Task to complete
The material below includes pictures; leave them out and return only the lines between the line containing "Apartamento, 2 quartos, 41 m² - Foto 2" and the line containing "Zum Porzelliner Griechische Taverne", inclusive, word for word.

Input for this task
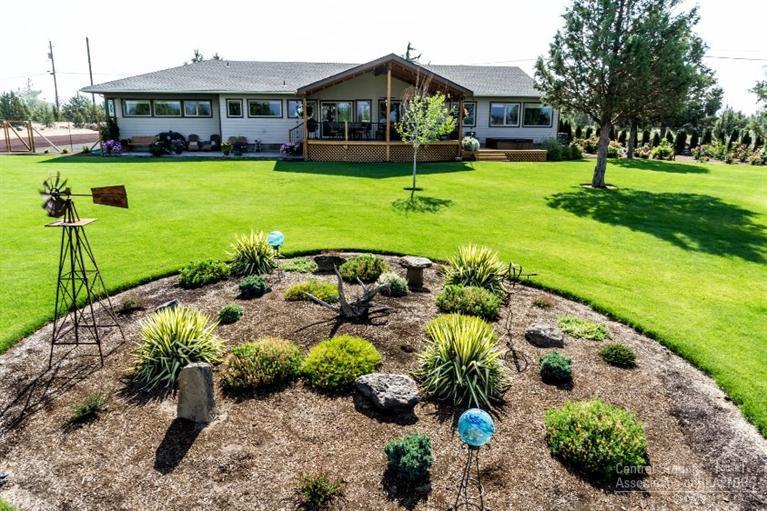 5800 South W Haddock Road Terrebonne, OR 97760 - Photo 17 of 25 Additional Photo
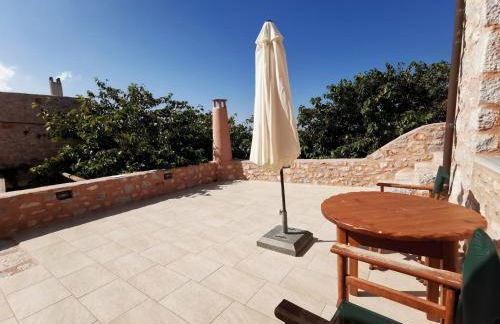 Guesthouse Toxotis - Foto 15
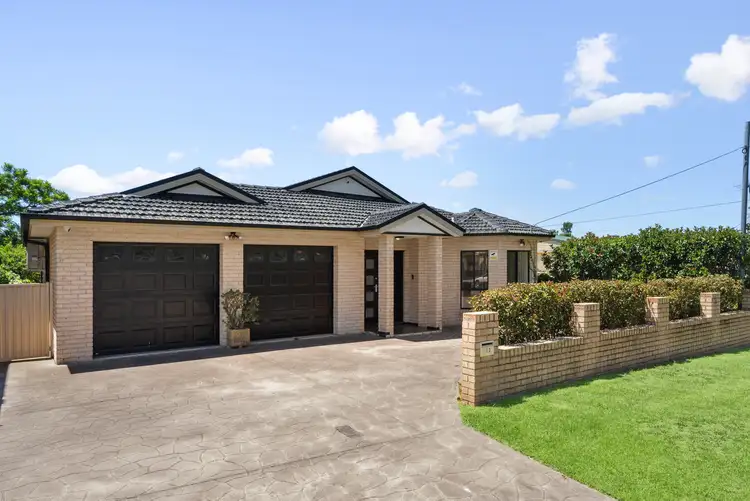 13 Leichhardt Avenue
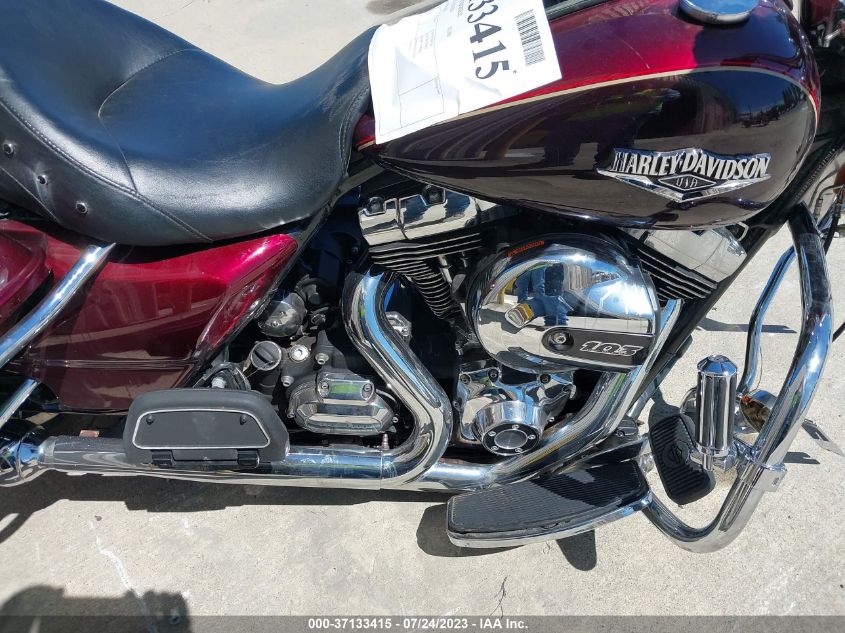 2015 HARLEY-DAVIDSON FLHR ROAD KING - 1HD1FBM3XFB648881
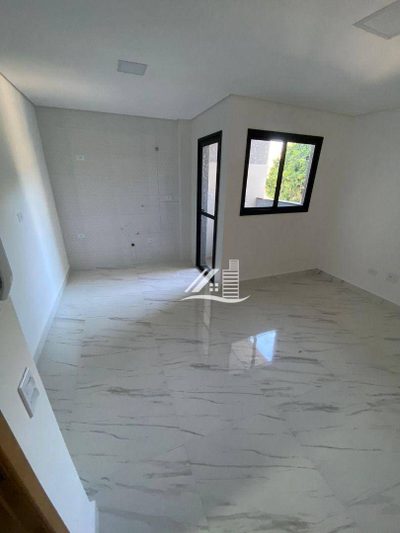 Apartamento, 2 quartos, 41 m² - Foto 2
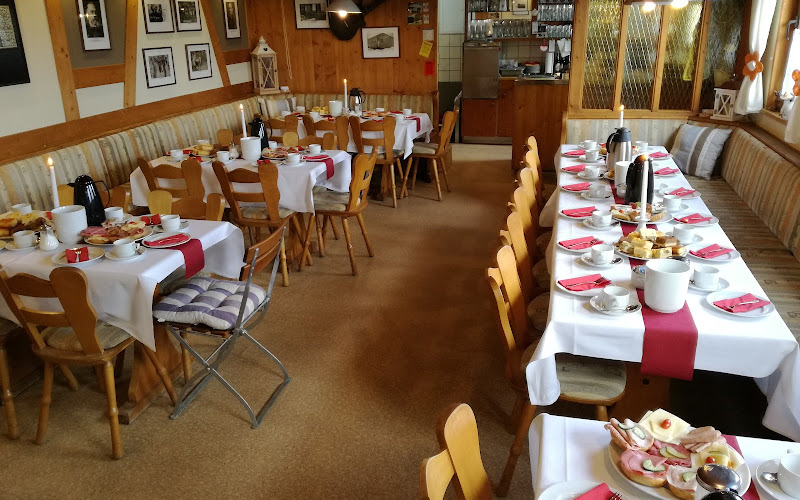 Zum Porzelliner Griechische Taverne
...
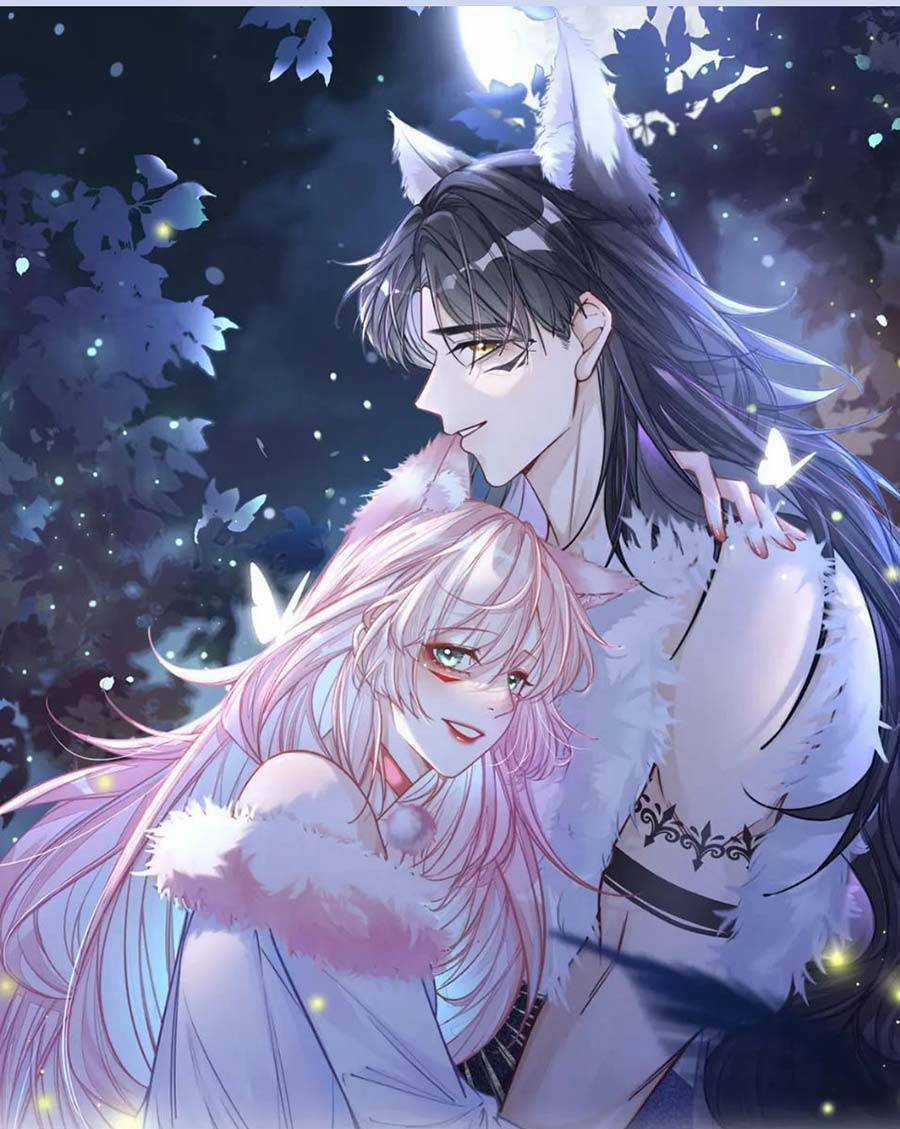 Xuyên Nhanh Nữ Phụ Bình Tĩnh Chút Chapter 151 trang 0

Task result
 Apartamento, 2 quartos, 41 m² - Foto 2
 Zum Porzelliner Griechische Taverne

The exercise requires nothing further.